The Paris museum Musée d’Orsay has invited the illustrator Jean-Philippe Delhomme to take over its Instagram account every Monday during 2020. On the account he will post a different drawing each week, depicting an artist as a contemporary social media user.
Delhomme, whose work has appeared in the New Yorker, began with the French art critic Joris-Karl Huysmans, who is the subject of a current exhibition at the museum. In the Instagram post, Huysmans has posted a portrait of himself said to have been painted by the artist Jean-Louis Forain in 1878 with the caption “Thank you @JL.Forain for my portrait.” Underneath, a user called gervex – presumably the artist Henri Gervex, who was the subject of an essay by Huysmans – writes: “No mean criticism this time?”
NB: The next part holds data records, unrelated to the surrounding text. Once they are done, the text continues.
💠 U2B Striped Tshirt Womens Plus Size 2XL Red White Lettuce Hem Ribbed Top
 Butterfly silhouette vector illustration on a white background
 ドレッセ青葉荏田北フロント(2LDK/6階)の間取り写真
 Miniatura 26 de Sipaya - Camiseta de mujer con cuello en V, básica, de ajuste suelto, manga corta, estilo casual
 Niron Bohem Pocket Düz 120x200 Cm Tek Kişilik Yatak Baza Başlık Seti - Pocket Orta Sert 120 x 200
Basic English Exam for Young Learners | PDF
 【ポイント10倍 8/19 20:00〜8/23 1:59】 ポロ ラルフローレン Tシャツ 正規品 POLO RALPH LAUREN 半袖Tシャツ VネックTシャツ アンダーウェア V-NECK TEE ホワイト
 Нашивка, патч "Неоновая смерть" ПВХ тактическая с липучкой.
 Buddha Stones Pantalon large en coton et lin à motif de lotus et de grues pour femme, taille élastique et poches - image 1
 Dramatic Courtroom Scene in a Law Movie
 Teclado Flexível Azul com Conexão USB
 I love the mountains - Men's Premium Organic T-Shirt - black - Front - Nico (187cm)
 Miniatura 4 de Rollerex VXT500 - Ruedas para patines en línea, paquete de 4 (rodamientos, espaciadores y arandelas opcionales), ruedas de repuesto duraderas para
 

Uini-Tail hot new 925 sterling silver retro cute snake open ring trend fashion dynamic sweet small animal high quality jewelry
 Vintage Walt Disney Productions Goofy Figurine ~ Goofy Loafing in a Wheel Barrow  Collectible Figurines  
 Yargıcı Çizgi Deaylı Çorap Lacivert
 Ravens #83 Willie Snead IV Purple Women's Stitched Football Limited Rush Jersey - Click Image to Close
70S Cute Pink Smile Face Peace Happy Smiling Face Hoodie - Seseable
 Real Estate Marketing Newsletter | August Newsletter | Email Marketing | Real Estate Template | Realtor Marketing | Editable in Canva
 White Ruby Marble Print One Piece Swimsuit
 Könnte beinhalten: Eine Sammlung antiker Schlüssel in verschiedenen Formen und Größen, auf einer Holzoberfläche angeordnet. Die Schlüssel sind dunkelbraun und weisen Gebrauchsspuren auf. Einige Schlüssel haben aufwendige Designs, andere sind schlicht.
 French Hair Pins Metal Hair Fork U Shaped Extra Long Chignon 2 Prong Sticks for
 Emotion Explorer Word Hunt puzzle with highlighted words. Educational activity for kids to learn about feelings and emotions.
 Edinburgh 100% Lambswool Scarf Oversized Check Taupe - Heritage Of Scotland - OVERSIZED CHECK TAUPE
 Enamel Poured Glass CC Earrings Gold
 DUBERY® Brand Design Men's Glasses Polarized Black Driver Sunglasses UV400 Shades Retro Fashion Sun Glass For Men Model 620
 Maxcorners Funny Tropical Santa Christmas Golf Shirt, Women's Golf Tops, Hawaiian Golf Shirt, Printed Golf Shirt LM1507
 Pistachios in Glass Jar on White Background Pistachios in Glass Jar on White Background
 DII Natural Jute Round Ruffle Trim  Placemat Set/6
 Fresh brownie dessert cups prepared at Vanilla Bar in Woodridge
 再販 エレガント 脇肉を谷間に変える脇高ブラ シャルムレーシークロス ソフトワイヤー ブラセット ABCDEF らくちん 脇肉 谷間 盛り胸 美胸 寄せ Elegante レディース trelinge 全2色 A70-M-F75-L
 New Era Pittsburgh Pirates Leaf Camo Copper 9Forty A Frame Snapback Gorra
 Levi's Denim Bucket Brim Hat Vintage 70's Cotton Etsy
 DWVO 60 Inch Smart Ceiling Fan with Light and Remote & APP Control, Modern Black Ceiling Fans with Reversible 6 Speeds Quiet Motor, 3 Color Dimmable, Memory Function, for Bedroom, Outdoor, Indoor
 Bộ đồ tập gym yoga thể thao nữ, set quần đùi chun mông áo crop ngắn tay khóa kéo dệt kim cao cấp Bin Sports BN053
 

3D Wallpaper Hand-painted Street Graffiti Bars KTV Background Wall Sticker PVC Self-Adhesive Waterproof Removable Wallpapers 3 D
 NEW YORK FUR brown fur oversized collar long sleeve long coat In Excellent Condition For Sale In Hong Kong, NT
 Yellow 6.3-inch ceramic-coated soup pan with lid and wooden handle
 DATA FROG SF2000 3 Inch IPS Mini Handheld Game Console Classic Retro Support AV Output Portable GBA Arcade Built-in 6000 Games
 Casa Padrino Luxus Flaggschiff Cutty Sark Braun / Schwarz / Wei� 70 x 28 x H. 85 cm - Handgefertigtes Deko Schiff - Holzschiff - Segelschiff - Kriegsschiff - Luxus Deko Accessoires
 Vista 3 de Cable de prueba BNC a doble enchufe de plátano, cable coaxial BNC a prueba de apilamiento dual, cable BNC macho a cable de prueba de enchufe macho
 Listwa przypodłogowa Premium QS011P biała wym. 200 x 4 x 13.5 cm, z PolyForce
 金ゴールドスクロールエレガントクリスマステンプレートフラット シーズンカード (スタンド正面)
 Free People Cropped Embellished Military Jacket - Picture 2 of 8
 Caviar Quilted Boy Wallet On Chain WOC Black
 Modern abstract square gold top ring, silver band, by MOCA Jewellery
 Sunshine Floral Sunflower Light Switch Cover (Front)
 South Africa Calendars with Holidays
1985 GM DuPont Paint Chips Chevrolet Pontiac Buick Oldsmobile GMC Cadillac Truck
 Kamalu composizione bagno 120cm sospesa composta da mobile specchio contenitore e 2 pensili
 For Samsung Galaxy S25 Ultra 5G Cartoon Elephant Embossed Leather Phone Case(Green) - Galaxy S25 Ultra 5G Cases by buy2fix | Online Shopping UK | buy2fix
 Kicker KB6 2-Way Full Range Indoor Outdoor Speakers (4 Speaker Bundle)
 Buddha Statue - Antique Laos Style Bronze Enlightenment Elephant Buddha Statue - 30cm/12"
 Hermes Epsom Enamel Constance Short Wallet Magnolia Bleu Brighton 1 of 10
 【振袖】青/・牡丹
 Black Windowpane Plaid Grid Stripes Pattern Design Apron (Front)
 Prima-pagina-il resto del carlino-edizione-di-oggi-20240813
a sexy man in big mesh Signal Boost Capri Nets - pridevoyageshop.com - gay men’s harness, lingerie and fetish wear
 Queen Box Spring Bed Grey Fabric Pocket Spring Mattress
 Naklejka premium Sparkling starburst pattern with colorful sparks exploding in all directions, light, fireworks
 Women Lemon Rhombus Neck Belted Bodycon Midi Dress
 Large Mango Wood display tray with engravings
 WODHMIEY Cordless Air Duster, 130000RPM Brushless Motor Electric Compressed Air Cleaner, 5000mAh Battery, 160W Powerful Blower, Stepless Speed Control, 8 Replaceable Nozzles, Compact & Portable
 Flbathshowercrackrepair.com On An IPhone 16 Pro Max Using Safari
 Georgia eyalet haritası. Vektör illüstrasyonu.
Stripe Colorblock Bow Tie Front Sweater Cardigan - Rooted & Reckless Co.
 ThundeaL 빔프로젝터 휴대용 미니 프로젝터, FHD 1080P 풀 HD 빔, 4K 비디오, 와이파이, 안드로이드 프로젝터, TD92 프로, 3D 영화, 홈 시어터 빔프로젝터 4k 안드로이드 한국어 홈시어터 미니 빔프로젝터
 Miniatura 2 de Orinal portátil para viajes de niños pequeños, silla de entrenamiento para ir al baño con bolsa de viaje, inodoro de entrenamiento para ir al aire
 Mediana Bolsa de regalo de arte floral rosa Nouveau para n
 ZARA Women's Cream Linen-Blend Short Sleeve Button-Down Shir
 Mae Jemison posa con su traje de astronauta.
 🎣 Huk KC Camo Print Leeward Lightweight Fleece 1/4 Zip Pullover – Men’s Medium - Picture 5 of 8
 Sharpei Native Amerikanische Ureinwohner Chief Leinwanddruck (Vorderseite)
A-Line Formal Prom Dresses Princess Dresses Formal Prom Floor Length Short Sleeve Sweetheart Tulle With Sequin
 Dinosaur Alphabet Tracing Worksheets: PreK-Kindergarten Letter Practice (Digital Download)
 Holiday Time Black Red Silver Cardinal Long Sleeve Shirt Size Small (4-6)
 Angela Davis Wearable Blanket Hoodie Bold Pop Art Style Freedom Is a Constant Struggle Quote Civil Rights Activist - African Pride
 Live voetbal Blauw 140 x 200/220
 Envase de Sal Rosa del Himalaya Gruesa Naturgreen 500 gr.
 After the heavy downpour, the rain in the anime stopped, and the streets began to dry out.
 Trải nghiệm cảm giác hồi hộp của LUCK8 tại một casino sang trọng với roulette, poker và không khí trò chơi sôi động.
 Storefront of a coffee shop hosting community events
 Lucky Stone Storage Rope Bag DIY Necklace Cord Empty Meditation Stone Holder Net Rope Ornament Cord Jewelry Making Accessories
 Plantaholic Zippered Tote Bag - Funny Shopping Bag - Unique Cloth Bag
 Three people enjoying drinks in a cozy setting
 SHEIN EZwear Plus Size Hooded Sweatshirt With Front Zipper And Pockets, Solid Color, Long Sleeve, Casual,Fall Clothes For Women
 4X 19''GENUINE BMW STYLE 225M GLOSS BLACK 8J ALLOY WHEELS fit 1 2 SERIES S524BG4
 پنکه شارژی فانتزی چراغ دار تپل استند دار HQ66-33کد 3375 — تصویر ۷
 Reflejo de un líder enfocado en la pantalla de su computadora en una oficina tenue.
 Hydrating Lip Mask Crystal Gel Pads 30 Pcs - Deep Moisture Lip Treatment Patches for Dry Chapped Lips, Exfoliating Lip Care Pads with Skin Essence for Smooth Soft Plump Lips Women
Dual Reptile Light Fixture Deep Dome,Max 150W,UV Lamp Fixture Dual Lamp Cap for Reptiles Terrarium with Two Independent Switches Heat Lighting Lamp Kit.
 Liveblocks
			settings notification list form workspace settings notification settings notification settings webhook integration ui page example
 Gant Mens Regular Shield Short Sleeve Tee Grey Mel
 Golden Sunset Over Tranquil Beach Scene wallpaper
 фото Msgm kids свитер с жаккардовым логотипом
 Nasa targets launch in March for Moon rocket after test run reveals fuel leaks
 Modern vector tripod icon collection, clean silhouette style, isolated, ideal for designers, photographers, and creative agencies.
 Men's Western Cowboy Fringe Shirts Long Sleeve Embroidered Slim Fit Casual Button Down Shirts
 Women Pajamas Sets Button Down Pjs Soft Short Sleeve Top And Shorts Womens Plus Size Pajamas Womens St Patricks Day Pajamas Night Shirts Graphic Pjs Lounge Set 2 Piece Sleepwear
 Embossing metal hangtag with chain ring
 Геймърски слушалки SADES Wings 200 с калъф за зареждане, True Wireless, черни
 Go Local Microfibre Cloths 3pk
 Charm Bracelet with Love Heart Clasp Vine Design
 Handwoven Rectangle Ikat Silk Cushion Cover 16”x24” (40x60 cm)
The Orsay president, Laurence des Cars, told Le Figaro that the purpose of the project was to bring more visibility to its artists from centuries ago. “The aim [of the residency] is to bring these artists of the second half of the 19th century closer by enrolling them in today’s interactions,” Des Cars said.
She added that the idea was not to “desecrate works” but to draw attention to a particular moment in an artist’s biography, and through “contemporary commentaries, fictitious or not, to evoke the adhesions or antagonisms aroused”.
Delhomme released a book last year called Artists’ Instagrams: The Never Seen Instagrams of the Greatest Artists, in which he depicted the social media accounts of Jackson Pollock, Frida Kahlo and Paul Gauguin. “If Instagram had existed a century ago, there would be no art criticism today,” he told the Guardian at the time. “Only thumbs-ups and emojis.”
Delhomme, who works in Paris’s Montparnasse district, which was famous as a hub of intellectuals and creatives, said he wanted to focus on artists who were famous to the “point of creating mythologies around themselves”.
He said: “That’s what was fun about it. They’re the gods of art. It’s like doing the Instagram of Mount Olympus. Artists want to be seen – even the most serious ones. Why wouldn’t they show off like everyone else? That element was always there, but with these social platforms it’s just irresistible.”
Orsay was widely praised last year for its ground-breaking exhibition Black Models: From Géricault to Matisse, which displayed French masterpieces but renamed them in honour of the black subjects in the pictures but absent from the narratives.